# [Exercise details]
Could you copy every record below exactly, leaving out the pictures?

*****

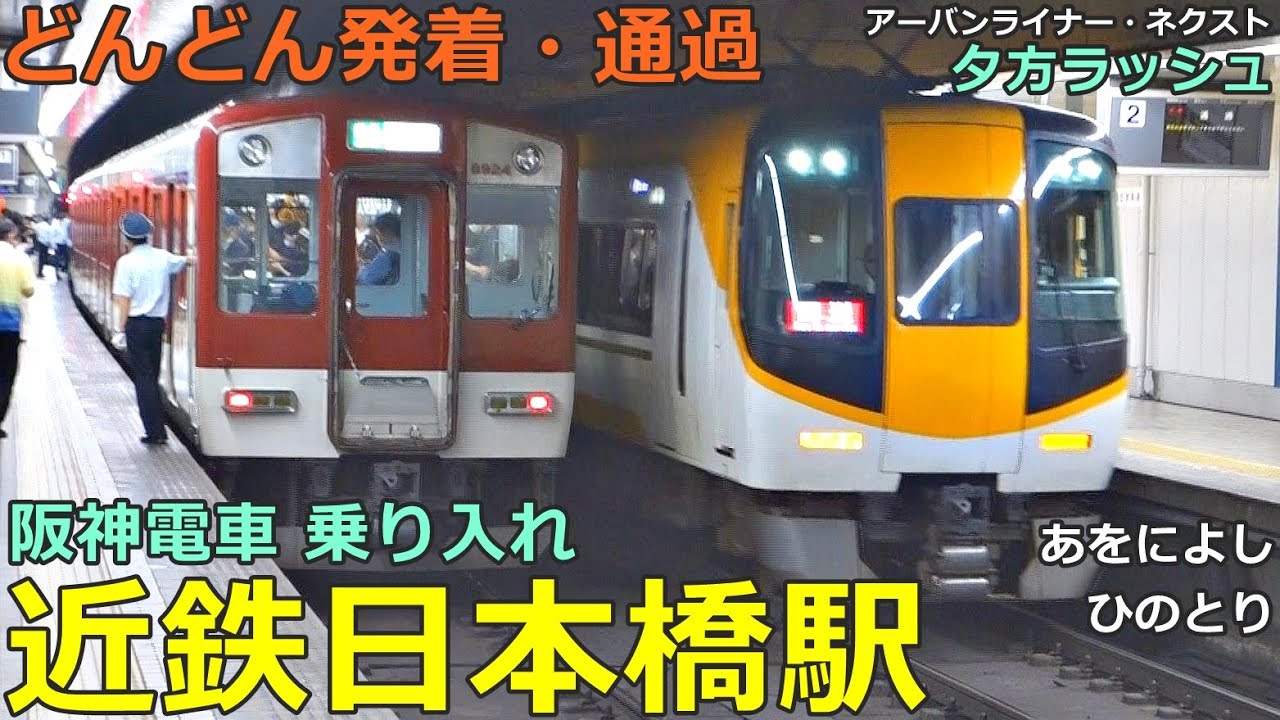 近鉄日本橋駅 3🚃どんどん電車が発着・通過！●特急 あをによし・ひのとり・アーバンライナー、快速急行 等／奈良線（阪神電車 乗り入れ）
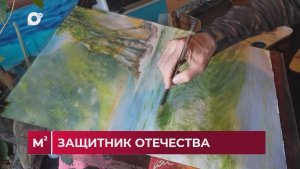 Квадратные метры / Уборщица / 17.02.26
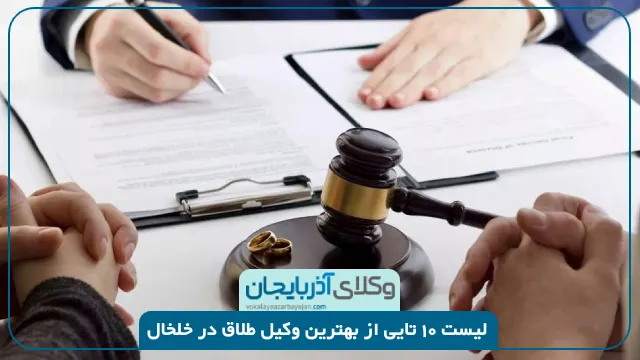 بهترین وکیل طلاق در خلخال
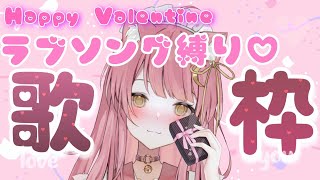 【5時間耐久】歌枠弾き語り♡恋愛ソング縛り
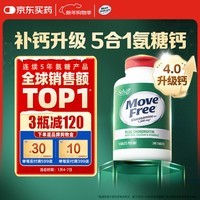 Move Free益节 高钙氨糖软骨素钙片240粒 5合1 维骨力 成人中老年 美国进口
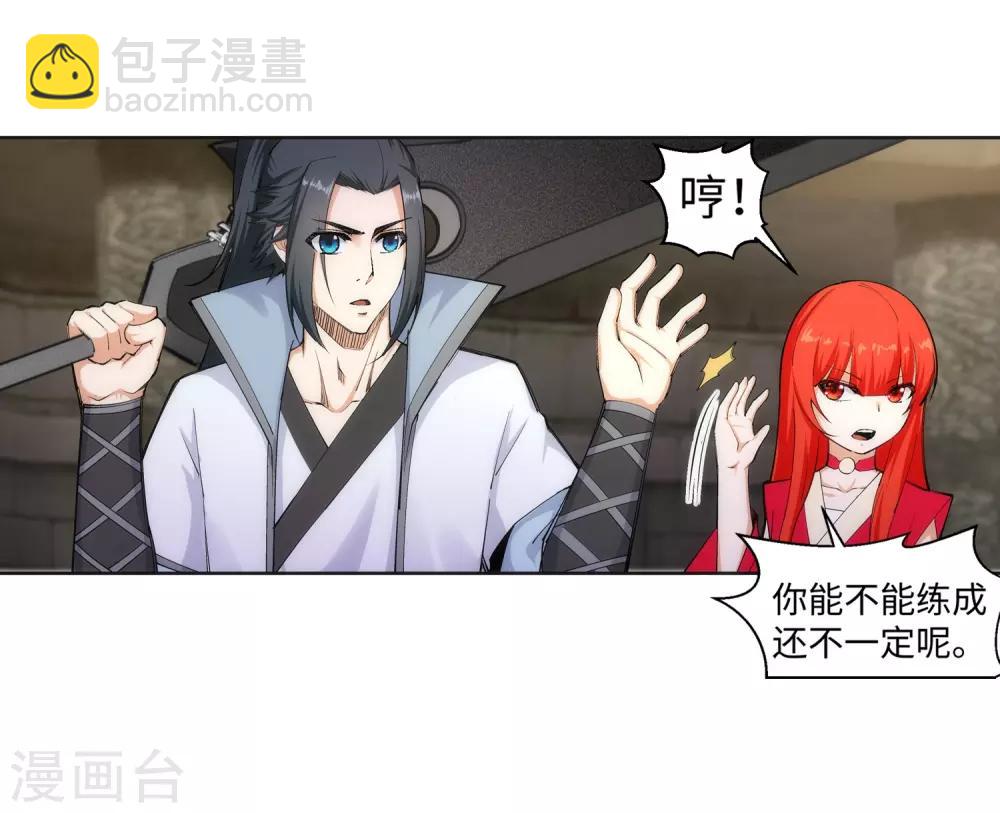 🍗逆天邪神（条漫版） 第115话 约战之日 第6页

*****

# [Finished task]
 近鉄日本橋駅 3🚃どんどん電車が発着・通過！●特急 あをによし・ひのとり・アーバンライナー、快速急行 等／奈良線（阪神電車 乗り入れ）
 Квадратные метры / Уборщица / 17.02.26
 بهترین وکیل طلاق در خلخال
 【5時間耐久】歌枠弾き語り♡恋愛ソング縛り
 Move Free益节 高钙氨糖软骨素钙片240粒 5合1 维骨力 成人中老年 美国进口
 🍗逆天邪神（条漫版） 第115话 约战之日 第6页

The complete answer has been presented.